What needs to be done: From the line containing "A man wearing" down to the last line of the listing, quote everything word for word, and nothing else, keeping pictures out.

Recorded data:
===
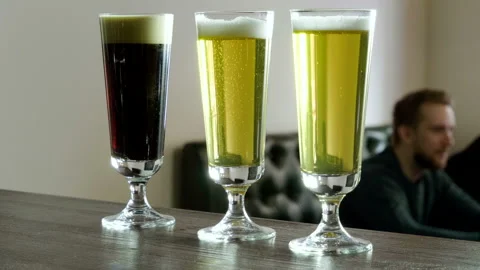 Three pints of beer standing on the bar counter in a modern restaurant. 4K Stock Footage 90969097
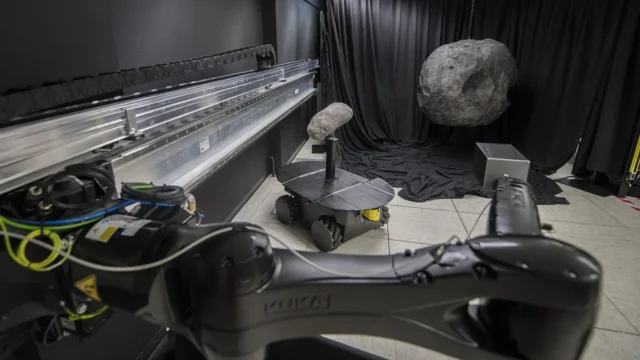 Close-up of a KUKA robotic arm in a lab with a small wheeled robot and a hanging mock asteroid.
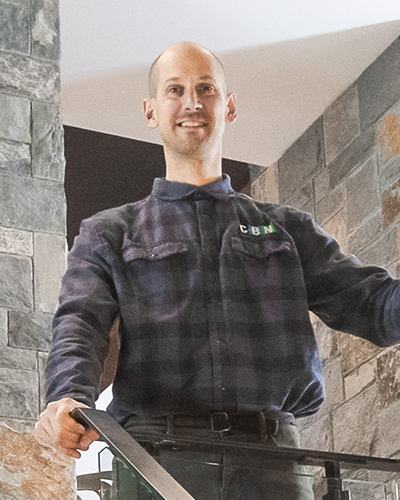 A man wearing a plaid shirt stands on a staircase in a building with stone walls, looking at the camera and smiling.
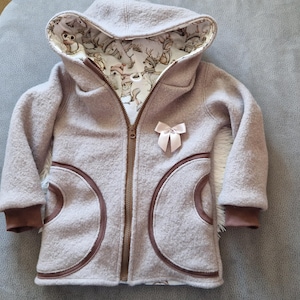 May include: A light mauve hooded jacket with a full zipper closure and brown trim. The jacket features a decorative bow and a whimsical animal print lining in the hood. The cuffs are brown.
===
Answer to this exercise:
 A man wearing a plaid shirt stands on a staircase in a building with stone walls, looking at the camera and smiling.
 May include: A light mauve hooded jacket with a full zipper closure and brown trim. The jacket features a decorative bow and a whimsical animal print lining in the hood. The cuffs are brown.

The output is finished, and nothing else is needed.